2. This led him to leave Tarsus and to make his first journey as he went to study at the temple in Jerusalem. Scripture tells us that he was as a student of Gamaliel the Elder, or at least within his school of the Sanhedrin. He worked hard to keep all the laws of the Torah. But Saul was troubled by the Christians who claimed Jesus was the Messiah. Saul persecuted Christians.
3. And then as he traveled to Damascus because he heard there were Christians there, He experienced God on that road to Damascus. A blinding light knocked him down – the voice of Jesus asked why he was persecuting him. And his companions took him to Damascus because he could not see. Taken from Acts 9:1-9.
4. He stayed with Ananias in Damascus, a Christian who was reluctant to minister to Saul because he knew he was a persecutor of Christians. But God told him to take care of him and Ananias did. Saul was healed from his blindness and no longer persecuted others, instead his name changed to Paul and he proclaimed the Good News of Jesus. When others wanted to arrest him for this change of heart, he escaped from Damascus, being lowered over the wall and he spent time in the desert.
5. He taught about Jesus. He took many journeys along the Mediterranean to tell others his experience. A story from Acts 17, tells of Paul before the Athenians on Mars Hill, helping the Athenians learn that this unknown God that they worshiped was the God Paul knew. For Paul listened to the longing in their hearts for faith and hope and love, he saw their intellectual curiosity and their restless creative spirit, and spoke boldly of God who is near each one of us, “in whom we live and move and have our being.”
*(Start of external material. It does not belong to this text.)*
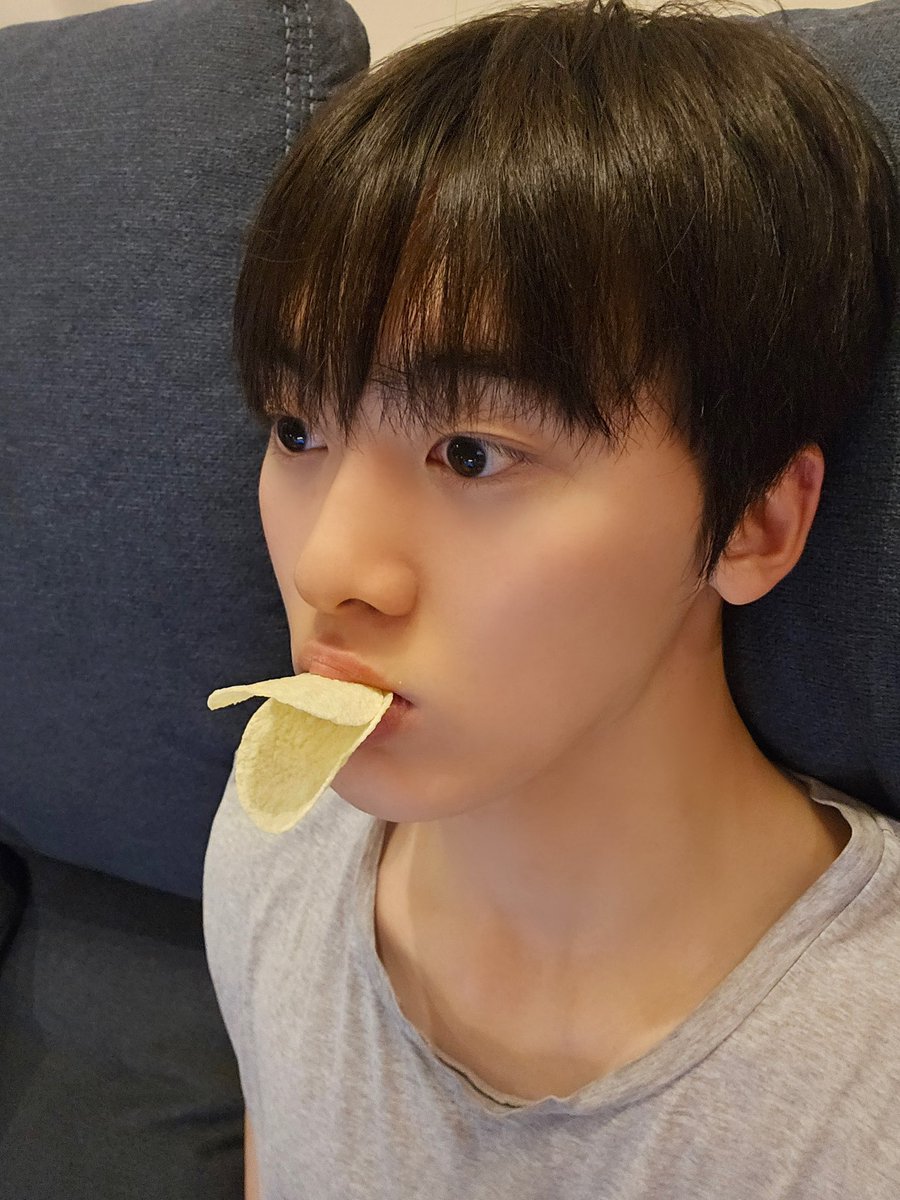 ASTRO 아스트로 tweet media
5. He wrote letters to new churches. We remember their names from the people he wrote to… Corinthians, Thessalonians, Galatians, Philippians, Colossians, Romans…and nearly every Sunday its one of his epistles (letters) that we hear that help us how to live as Christians in our world today, just as he had written to the Christians so long ago guiding them on how to live in that love that he found in Christ, that they can share in their places (churches). Some of those letters may also have been written by students of Paul.
6. Then finally, he went to Jerusalem for the last time, in a ministry that probably lasted around 30 years, he went to preach the Good News and while there he was arrested by the Romans. And being a Roman citizen from Tarsus, they sent him to Rome to await his punishment.
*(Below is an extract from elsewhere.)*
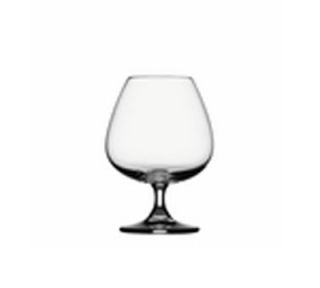 Libbey Glass 15.25 oz Soiree Cognac Glass, Spiegelau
7. Even in house arrest in Rome, he continued to write and support the Churches. And then it came time for Paul to face his punishment, and he was martyred by the Romans; years later the Roman Emperor Constantine who converted to Christianity would build a church on the spot where tradition said he died.
8. The church of St. Paul Outside the Walls was built there in 324.
and the early church who Paul helped develop, though of him as a saint and St. Paul still lives, because his letters are still read in churches today. We hear the accounts of his life from the Acts of the Apostles and we continue to try to live as Christ would have us live. Much of his work was to try to say how his hate had turned into love and how everyone (jew or greek, male or female, slave or free – galatians) has a place with Jesus. He begin to settle churches where people could show how this was to be done, to love one another. And he preached to everyone whom he met.
God moves in mysterious ways and Paul found that out on a road to Damascus long ago.
Paul came so close to God and God came so close to him that he would understood what God wanted him to do, to share the love of God & not hate others in God’s name and now it’s up to you & I, to go share that love with others and live into God’s mysterious ways. Amen.